Year in Review: Corunna woman makes history as Coast Guard deck boss

Katie Courchesne aboard the CCGS Samuel Risley. Submitted photo

Editor’s Note: This week we’re running our favourite people features of 2021, a reminder that even in difficult years good things happen. This one first appeared March 25.

Tara Jeffrey

Katie Courchesne says her summers spent on the St. Clair River helped set a course for her dream job.

“My family has a cottage on Stag Island and I drove the ferry there for three summers,” said the Corunna native and LCCVI grad. “I just loved being on the water.”

That opened the door to a career in the Canadian Coast Guard; she joined at 18 and immediately fell in love.

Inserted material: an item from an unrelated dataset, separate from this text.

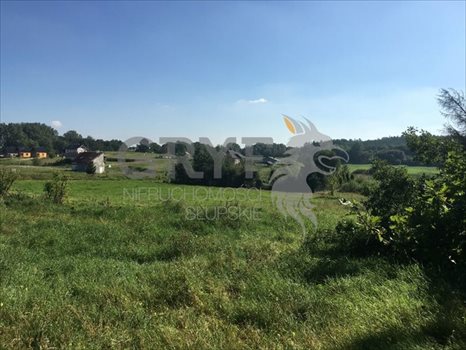 Działka inna na sprzedaż Dębina 2 500m2 Foto 1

“It’s a very dynamic job. You never know what the day is going to bring,” said Courchesne, who over the past decade has worked her way up the ranks aboard the CCGS Samuel Risley. The icebreaker and Great Lakes buoy tender is a familiar sight in and around Sarnia.

“You get these wonderful opportunities, like going to the Arctic, or ice-breaking the St. Clair River,” she said.

This month, Courchesne is making history as the first female Bosun in the Great Lakes fleet.

It’s a one-month ‘acting’ gig as deck boss, Courchesne explained, but the significance of a woman doing the job isn’t lost on her.

“It’s such a male-dominated industry,” she explained. “When I started back in 2011 the ratio of men to women was 20:2.

“It’s a lot better now. It’s really nice to see more girls getting on deck on the big ships.”

In her role as Bosun, or ‘Boatswain,’ Courchesne will oversee all deck operations, including buoy tending, the loading and unloading of cargo, deckhand supervision, and safety.

She boarded the Risley in Sarnia last week, headed for icebreaking operations in Midland, Ont.

During the winter months the Risley — which can move through ice up to two feet thick — keeps the water open from Port Colborne to Thunder Bay.

And during the navigation months (late March to late December), the Parry Sound-based vessel places and removes buoys, services radio and radar beacons, and resupplies and maintains light stations.

In 2018, Courchesne was among 25 officers and crew aboard for the ship’s maiden Arctic voyage, joining an annual summer resupply mission to Thule Air Force Base in Pituffik, Greenland.

“Everything is amazing about this job,” Courchesne said, adding she hopes more young women will consider a career in the Coast Guard.

“Navigating a male dominated field can be challenging but there’s lots of inspiring women I get to work with.

“I want to see more girls here — to find their passion and watch them fly.”